Task to complete:
The answer must be an exact restatement of all the data.

(Source material begins)

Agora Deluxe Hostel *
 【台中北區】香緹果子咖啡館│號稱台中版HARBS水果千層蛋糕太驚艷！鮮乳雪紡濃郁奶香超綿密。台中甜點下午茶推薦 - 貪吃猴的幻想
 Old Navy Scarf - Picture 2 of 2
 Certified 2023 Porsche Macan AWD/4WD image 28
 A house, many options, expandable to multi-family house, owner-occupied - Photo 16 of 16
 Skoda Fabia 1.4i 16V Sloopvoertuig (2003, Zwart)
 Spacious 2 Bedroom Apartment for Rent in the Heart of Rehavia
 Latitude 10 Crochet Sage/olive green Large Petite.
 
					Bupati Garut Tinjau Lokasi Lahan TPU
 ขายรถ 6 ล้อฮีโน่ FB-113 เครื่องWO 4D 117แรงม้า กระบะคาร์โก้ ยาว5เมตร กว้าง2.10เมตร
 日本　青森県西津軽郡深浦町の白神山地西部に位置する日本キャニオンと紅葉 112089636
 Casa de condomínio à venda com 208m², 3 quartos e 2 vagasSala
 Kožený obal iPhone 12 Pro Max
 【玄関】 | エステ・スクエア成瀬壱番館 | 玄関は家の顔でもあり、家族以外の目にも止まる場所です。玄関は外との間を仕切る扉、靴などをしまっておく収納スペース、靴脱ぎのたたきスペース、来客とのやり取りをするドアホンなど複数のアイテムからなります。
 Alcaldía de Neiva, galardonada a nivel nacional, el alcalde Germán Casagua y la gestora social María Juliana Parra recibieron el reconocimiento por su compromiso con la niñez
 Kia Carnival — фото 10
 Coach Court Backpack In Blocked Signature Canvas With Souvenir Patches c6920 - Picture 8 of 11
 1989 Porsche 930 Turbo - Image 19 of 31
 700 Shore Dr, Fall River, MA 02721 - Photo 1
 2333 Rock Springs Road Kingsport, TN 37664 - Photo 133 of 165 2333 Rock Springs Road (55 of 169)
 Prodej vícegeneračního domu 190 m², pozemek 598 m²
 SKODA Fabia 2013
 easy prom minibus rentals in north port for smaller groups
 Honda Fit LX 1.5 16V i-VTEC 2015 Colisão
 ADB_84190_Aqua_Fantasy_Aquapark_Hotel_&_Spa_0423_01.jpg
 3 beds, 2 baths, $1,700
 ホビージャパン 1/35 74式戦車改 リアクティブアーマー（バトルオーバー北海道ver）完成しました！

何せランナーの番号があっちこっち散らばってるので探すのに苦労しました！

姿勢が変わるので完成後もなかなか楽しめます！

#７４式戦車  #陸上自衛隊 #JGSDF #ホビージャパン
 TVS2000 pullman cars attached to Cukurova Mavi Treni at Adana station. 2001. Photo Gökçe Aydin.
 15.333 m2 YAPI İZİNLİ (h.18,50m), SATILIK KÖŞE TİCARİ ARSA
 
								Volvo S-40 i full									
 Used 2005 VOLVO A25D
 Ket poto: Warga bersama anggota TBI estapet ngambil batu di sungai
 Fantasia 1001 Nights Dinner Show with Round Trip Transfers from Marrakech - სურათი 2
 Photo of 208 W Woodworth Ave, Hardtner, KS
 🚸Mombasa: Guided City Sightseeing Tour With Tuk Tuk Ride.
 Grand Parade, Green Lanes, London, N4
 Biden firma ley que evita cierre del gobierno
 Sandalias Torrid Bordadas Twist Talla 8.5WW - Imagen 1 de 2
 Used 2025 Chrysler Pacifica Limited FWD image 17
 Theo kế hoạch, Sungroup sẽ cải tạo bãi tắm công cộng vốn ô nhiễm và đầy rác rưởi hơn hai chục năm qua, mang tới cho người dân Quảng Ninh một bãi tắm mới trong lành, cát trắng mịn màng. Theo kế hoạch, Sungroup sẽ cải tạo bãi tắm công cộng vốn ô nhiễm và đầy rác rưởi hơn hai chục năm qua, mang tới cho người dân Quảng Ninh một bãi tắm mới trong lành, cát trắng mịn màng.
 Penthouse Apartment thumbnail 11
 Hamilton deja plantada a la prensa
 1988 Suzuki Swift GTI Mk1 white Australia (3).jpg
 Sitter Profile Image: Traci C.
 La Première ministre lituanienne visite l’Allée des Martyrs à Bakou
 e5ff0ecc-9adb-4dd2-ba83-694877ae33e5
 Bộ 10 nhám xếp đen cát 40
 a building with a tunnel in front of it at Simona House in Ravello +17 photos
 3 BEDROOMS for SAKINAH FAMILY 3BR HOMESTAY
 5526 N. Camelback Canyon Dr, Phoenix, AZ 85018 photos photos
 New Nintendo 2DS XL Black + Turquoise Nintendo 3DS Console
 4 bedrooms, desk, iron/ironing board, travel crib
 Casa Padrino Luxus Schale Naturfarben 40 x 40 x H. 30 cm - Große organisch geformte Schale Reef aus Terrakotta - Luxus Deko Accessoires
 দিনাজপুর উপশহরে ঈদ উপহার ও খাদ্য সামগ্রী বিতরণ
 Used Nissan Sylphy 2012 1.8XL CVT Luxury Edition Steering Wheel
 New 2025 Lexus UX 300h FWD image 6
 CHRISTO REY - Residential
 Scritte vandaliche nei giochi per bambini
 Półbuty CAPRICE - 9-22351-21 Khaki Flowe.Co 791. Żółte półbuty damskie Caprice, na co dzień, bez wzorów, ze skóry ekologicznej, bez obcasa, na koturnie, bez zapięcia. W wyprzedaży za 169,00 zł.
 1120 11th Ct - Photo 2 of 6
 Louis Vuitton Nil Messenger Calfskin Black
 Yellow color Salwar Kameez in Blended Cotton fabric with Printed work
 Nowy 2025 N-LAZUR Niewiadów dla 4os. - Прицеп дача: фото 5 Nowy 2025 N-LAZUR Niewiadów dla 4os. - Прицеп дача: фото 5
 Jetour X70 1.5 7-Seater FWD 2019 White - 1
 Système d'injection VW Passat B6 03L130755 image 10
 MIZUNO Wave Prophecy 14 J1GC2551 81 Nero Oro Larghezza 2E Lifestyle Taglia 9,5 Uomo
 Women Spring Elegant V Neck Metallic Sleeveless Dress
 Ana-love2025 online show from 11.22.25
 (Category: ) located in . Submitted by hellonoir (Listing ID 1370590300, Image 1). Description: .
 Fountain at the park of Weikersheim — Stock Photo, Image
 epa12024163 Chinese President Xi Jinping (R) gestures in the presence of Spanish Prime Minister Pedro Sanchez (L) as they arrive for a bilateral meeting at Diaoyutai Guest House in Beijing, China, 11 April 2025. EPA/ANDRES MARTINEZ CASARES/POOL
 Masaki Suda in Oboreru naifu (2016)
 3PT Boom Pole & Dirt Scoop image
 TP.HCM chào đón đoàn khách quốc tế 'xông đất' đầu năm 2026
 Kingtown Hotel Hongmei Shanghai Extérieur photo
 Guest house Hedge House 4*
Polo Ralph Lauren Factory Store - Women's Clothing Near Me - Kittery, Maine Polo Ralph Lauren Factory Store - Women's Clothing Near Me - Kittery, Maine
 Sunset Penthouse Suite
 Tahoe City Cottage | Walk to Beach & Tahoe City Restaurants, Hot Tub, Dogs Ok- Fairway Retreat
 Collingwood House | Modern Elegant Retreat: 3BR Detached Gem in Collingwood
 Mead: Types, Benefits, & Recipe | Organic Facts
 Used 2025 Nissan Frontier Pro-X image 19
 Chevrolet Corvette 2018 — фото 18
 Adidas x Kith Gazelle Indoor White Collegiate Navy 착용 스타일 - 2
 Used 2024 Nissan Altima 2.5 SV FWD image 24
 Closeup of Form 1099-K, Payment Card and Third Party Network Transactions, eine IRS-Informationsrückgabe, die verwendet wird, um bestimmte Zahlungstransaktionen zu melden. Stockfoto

(Source material ends)

Answer for the task:
Agora Deluxe Hostel *
 【台中北區】香緹果子咖啡館│號稱台中版HARBS水果千層蛋糕太驚艷！鮮乳雪紡濃郁奶香超綿密。台中甜點下午茶推薦 - 貪吃猴的幻想
 Old Navy Scarf - Picture 2 of 2
 Certified 2023 Porsche Macan AWD/4WD image 28
 A house, many options, expandable to multi-family house, owner-occupied - Photo 16 of 16
 Skoda Fabia 1.4i 16V Sloopvoertuig (2003, Zwart)
 Spacious 2 Bedroom Apartment for Rent in the Heart of Rehavia
 Latitude 10 Crochet Sage/olive green Large Petite.
 
					Bupati Garut Tinjau Lokasi Lahan TPU
 ขายรถ 6 ล้อฮีโน่ FB-113 เครื่องWO 4D 117แรงม้า กระบะคาร์โก้ ยาว5เมตร กว้าง2.10เมตร
 日本　青森県西津軽郡深浦町の白神山地西部に位置する日本キャニオンと紅葉 112089636
 Casa de condomínio à venda com 208m², 3 quartos e 2 vagasSala
 Kožený obal iPhone 12 Pro Max
 【玄関】 | エステ・スクエア成瀬壱番館 | 玄関は家の顔でもあり、家族以外の目にも止まる場所です。玄関は外との間を仕切る扉、靴などをしまっておく収納スペース、靴脱ぎのたたきスペース、来客とのやり取りをするドアホンなど複数のアイテムからなります。
 Alcaldía de Neiva, galardonada a nivel nacional, el alcalde Germán Casagua y la gestora social María Juliana Parra recibieron el reconocimiento por su compromiso con la niñez
 Kia Carnival — фото 10
 Coach Court Backpack In Blocked Signature Canvas With Souvenir Patches c6920 - Picture 8 of 11
 1989 Porsche 930 Turbo - Image 19 of 31
 700 Shore Dr, Fall River, MA 02721 - Photo 1
 2333 Rock Springs Road Kingsport, TN 37664 - Photo 133 of 165 2333 Rock Springs Road (55 of 169)
 Prodej vícegeneračního domu 190 m², pozemek 598 m²
 SKODA Fabia 2013
 easy prom minibus rentals in north port for smaller groups
 Honda Fit LX 1.5 16V i-VTEC 2015 Colisão
 ADB_84190_Aqua_Fantasy_Aquapark_Hotel_&_Spa_0423_01.jpg
 3 beds, 2 baths, $1,700
 ホビージャパン 1/35 74式戦車改 リアクティブアーマー（バトルオーバー北海道ver）完成しました！

何せランナーの番号があっちこっち散らばってるので探すのに苦労しました！

姿勢が変わるので完成後もなかなか楽しめます！

#７４式戦車  #陸上自衛隊 #JGSDF #ホビージャパン
 TVS2000 pullman cars attached to Cukurova Mavi Treni at Adana station. 2001. Photo Gökçe Aydin.
 15.333 m2 YAPI İZİNLİ (h.18,50m), SATILIK KÖŞE TİCARİ ARSA
 
								Volvo S-40 i full									
 Used 2005 VOLVO A25D
 Ket poto: Warga bersama anggota TBI estapet ngambil batu di sungai
 Fantasia 1001 Nights Dinner Show with Round Trip Transfers from Marrakech - სურათი 2
 Photo of 208 W Woodworth Ave, Hardtner, KS
 🚸Mombasa: Guided City Sightseeing Tour With Tuk Tuk Ride.
 Grand Parade, Green Lanes, London, N4
 Biden firma ley que evita cierre del gobierno
 Sandalias Torrid Bordadas Twist Talla 8.5WW - Imagen 1 de 2
 Used 2025 Chrysler Pacifica Limited FWD image 17
 Theo kế hoạch, Sungroup sẽ cải tạo bãi tắm công cộng vốn ô nhiễm và đầy rác rưởi hơn hai chục năm qua, mang tới cho người dân Quảng Ninh một bãi tắm mới trong lành, cát trắng mịn màng. Theo kế hoạch, Sungroup sẽ cải tạo bãi tắm công cộng vốn ô nhiễm và đầy rác rưởi hơn hai chục năm qua, mang tới cho người dân Quảng Ninh một bãi tắm mới trong lành, cát trắng mịn màng.
 Penthouse Apartment thumbnail 11
 Hamilton deja plantada a la prensa
 1988 Suzuki Swift GTI Mk1 white Australia (3).jpg
 Sitter Profile Image: Traci C.
 La Première ministre lituanienne visite l’Allée des Martyrs à Bakou
 e5ff0ecc-9adb-4dd2-ba83-694877ae33e5
 Bộ 10 nhám xếp đen cát 40
 a building with a tunnel in front of it at Simona House in Ravello +17 photos
 3 BEDROOMS for SAKINAH FAMILY 3BR HOMESTAY
 5526 N. Camelback Canyon Dr, Phoenix, AZ 85018 photos photos
 New Nintendo 2DS XL Black + Turquoise Nintendo 3DS Console
 4 bedrooms, desk, iron/ironing board, travel crib
 Casa Padrino Luxus Schale Naturfarben 40 x 40 x H. 30 cm - Große organisch geformte Schale Reef aus Terrakotta - Luxus Deko Accessoires
 দিনাজপুর উপশহরে ঈদ উপহার ও খাদ্য সামগ্রী বিতরণ
 Used Nissan Sylphy 2012 1.8XL CVT Luxury Edition Steering Wheel
 New 2025 Lexus UX 300h FWD image 6
 CHRISTO REY - Residential
 Scritte vandaliche nei giochi per bambini
 Półbuty CAPRICE - 9-22351-21 Khaki Flowe.Co 791. Żółte półbuty damskie Caprice, na co dzień, bez wzorów, ze skóry ekologicznej, bez obcasa, na koturnie, bez zapięcia. W wyprzedaży za 169,00 zł.
 1120 11th Ct - Photo 2 of 6
 Louis Vuitton Nil Messenger Calfskin Black
 Yellow color Salwar Kameez in Blended Cotton fabric with Printed work
 Nowy 2025 N-LAZUR Niewiadów dla 4os. - Прицеп дача: фото 5 Nowy 2025 N-LAZUR Niewiadów dla 4os. - Прицеп дача: фото 5
 Jetour X70 1.5 7-Seater FWD 2019 White - 1
 Système d'injection VW Passat B6 03L130755 image 10
 MIZUNO Wave Prophecy 14 J1GC2551 81 Nero Oro Larghezza 2E Lifestyle Taglia 9,5 Uomo
 Women Spring Elegant V Neck Metallic Sleeveless Dress
 Ana-love2025 online show from 11.22.25
 (Category: ) located in . Submitted by hellonoir (Listing ID 1370590300, Image 1). Description: .
 Fountain at the park of Weikersheim — Stock Photo, Image
 epa12024163 Chinese President Xi Jinping (R) gestures in the presence of Spanish Prime Minister Pedro Sanchez (L) as they arrive for a bilateral meeting at Diaoyutai Guest House in Beijing, China, 11 April 2025. EPA/ANDRES MARTINEZ CASARES/POOL
 Masaki Suda in Oboreru naifu (2016)
 3PT Boom Pole & Dirt Scoop image
 TP.HCM chào đón đoàn khách quốc tế 'xông đất' đầu năm 2026
 Kingtown Hotel Hongmei Shanghai Extérieur photo
 Guest house Hedge House 4*
Polo Ralph Lauren Factory Store - Women's Clothing Near Me - Kittery, Maine Polo Ralph Lauren Factory Store - Women's Clothing Near Me - Kittery, Maine
 Sunset Penthouse Suite
 Tahoe City Cottage | Walk to Beach & Tahoe City Restaurants, Hot Tub, Dogs Ok- Fairway Retreat
 Collingwood House | Modern Elegant Retreat: 3BR Detached Gem in Collingwood
 Mead: Types, Benefits, & Recipe | Organic Facts
 Used 2025 Nissan Frontier Pro-X image 19
 Chevrolet Corvette 2018 — фото 18
 Adidas x Kith Gazelle Indoor White Collegiate Navy 착용 스타일 - 2
 Used 2024 Nissan Altima 2.5 SV FWD image 24
 Closeup of Form 1099-K, Payment Card and Third Party Network Transactions, eine IRS-Informationsrückgabe, die verwendet wird, um bestimmte Zahlungstransaktionen zu melden. Stockfoto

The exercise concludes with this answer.